TASK STATEMENT:
From the line containing "泰迪很脆弱的5個部位，再生氣也不能打，會丟了狗命的" through the last line of the entries below, repeat each line word for word and leave out the rest.

RECORDS PROVIDED:
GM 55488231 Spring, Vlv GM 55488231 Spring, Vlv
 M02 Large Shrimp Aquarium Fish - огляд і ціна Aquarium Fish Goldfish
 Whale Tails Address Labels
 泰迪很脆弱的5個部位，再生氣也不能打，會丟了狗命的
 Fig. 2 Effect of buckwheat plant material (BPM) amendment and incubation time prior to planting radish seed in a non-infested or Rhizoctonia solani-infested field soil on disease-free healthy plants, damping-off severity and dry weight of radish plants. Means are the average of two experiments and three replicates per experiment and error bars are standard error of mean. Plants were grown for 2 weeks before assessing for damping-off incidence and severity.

OUTPUT FOR THIS TASK:
 泰迪很脆弱的5個部位，再生氣也不能打，會丟了狗命的
 Fig. 2 Effect of buckwheat plant material (BPM) amendment and incubation time prior to planting radish seed in a non-infested or Rhizoctonia solani-infested field soil on disease-free healthy plants, damping-off severity and dry weight of radish plants. Means are the average of two experiments and three replicates per experiment and error bars are standard error of mean. Plants were grown for 2 weeks before assessing for damping-off incidence and severity.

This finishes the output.